WORK ORDER:
Your answer must be an exact copy of the data below, minus any pictures.

-----

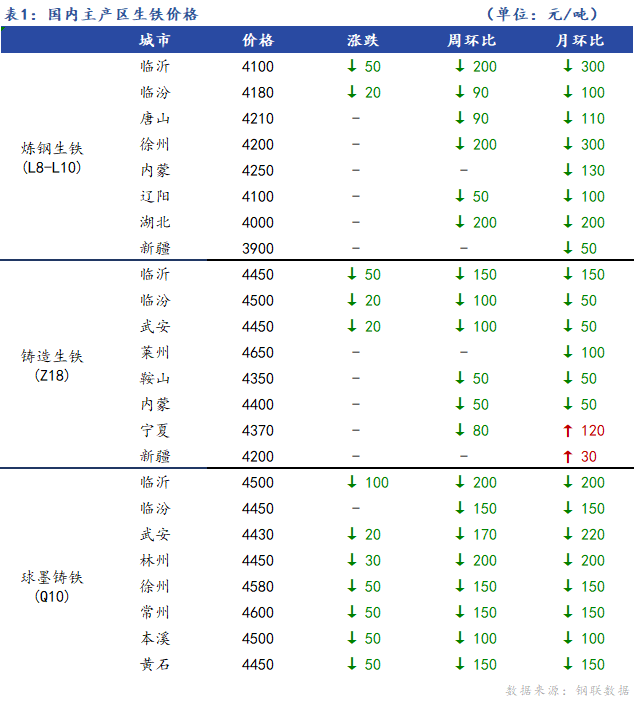 <a href='https://m.mysteel.com/' target='_blank' style='color:#3861ab'>Mysteel</a>日报：全国生铁价格趋弱运行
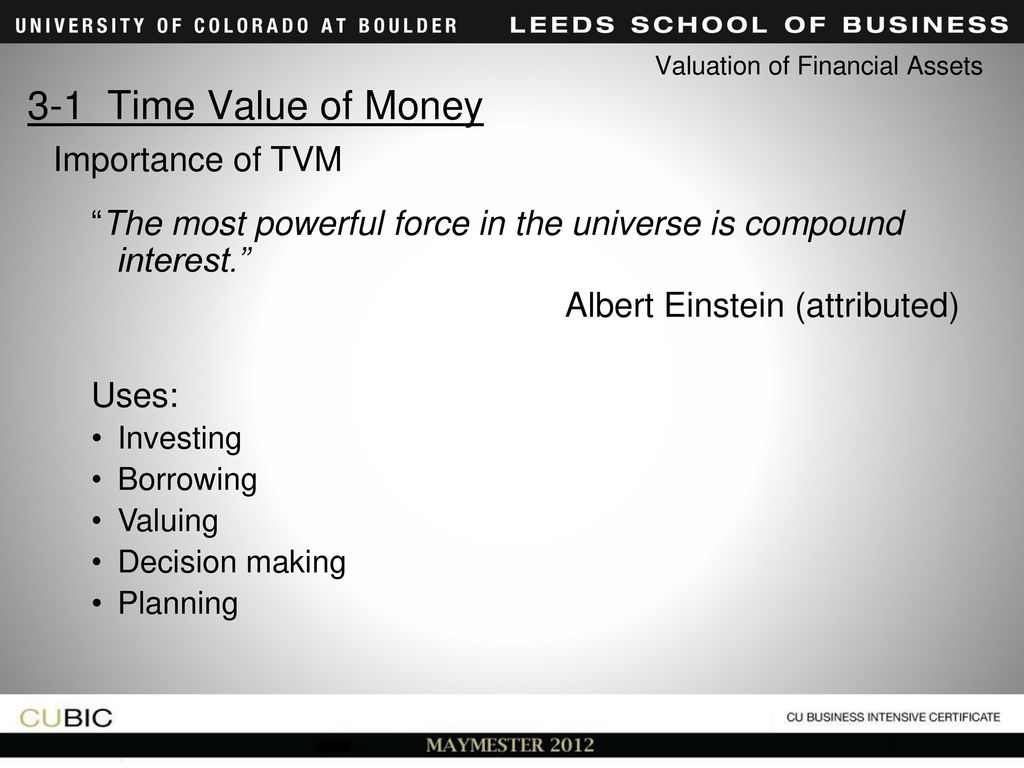 importance of time value of money in financial decision making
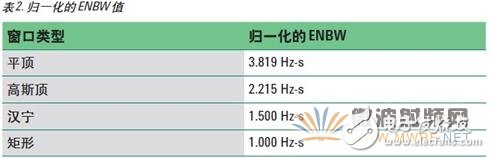 矢量信号分析仪原理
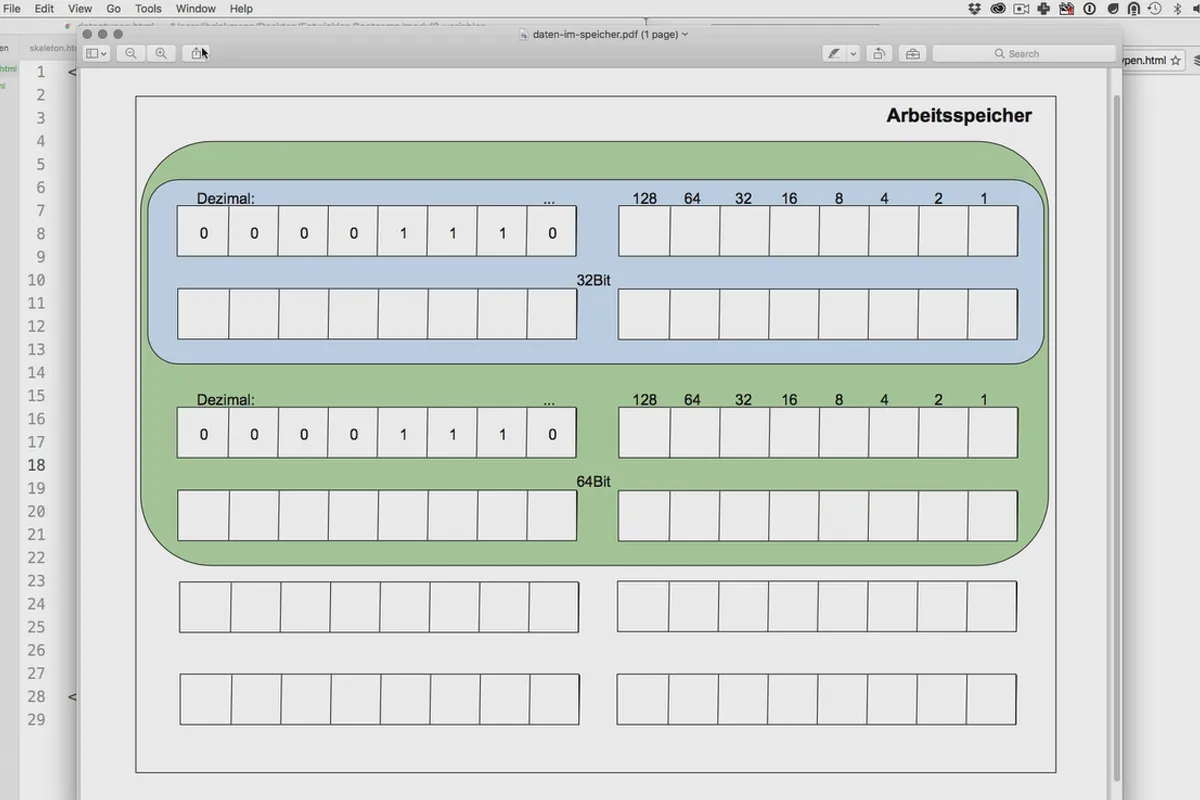Programmazione software per principianti: 2.2 I diversi tipi di dati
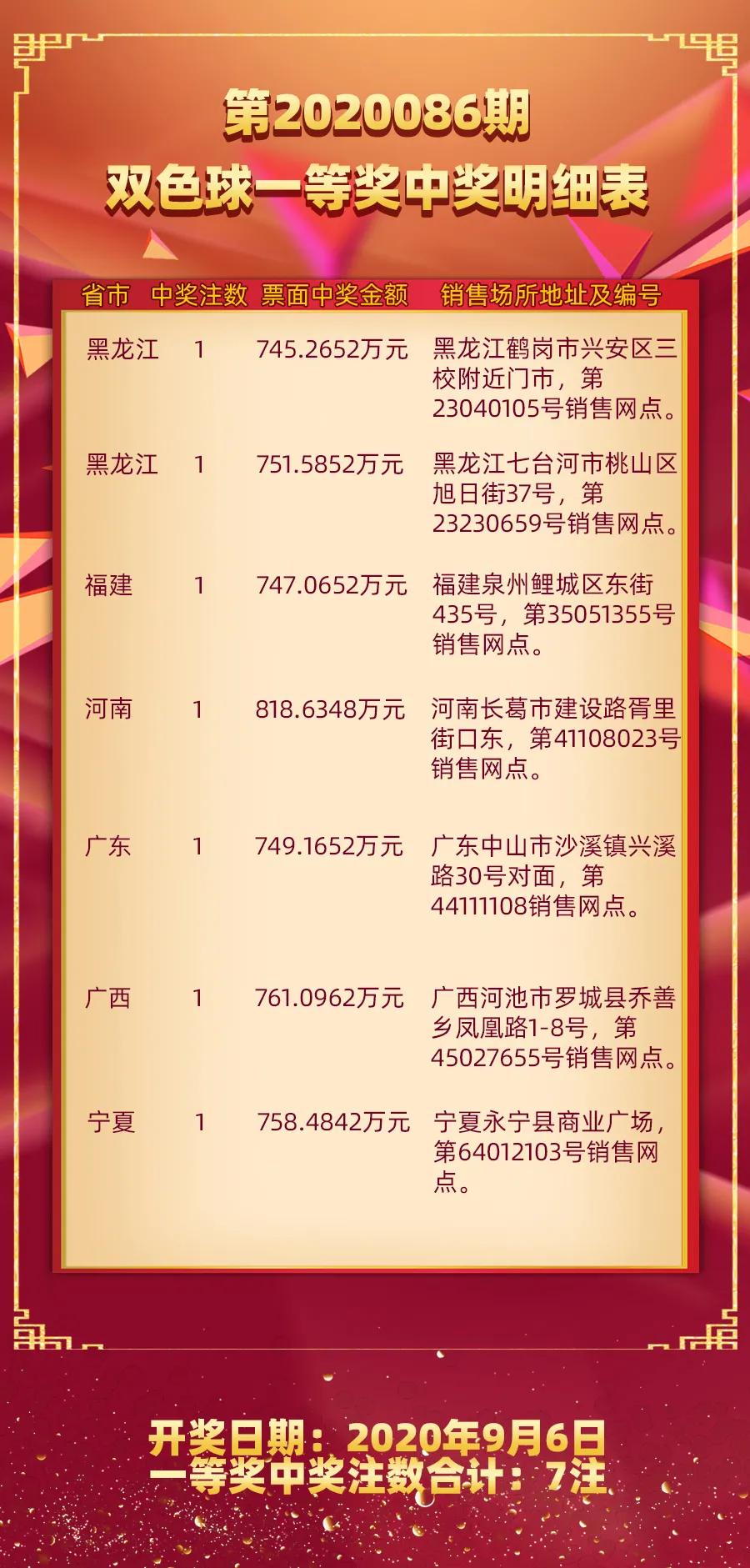 探索2020086期双色球，数字背后的幸运与智慧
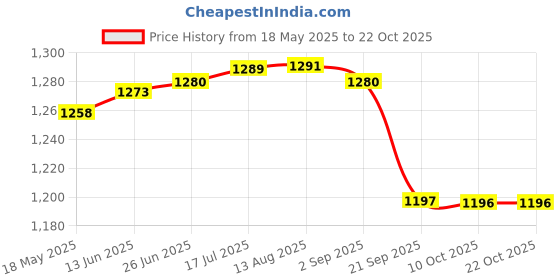 amazon.in gowin Academy White/Green Cricket Shoes Size-4 with TR-88-W Cricket Leather Ball Veg Tanned White gowin Price History Graph from 18 May 2025 to 22 Oct 2025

-----

EXERCISE RESPONSE:
 <a href='https://m.mysteel.com/' target='_blank' style='color:#3861ab'>Mysteel</a>日报：全国生铁价格趋弱运行
 importance of time value of money in financial decision making
 矢量信号分析仪原理
Programmazione software per principianti: 2.2 I diversi tipi di dati
 探索2020086期双色球，数字背后的幸运与智慧
 amazon.in gowin Academy White/Green Cricket Shoes Size-4 with TR-88-W Cricket Leather Ball Veg Tanned White gowin Price History Graph from 18 May 2025 to 22 Oct 2025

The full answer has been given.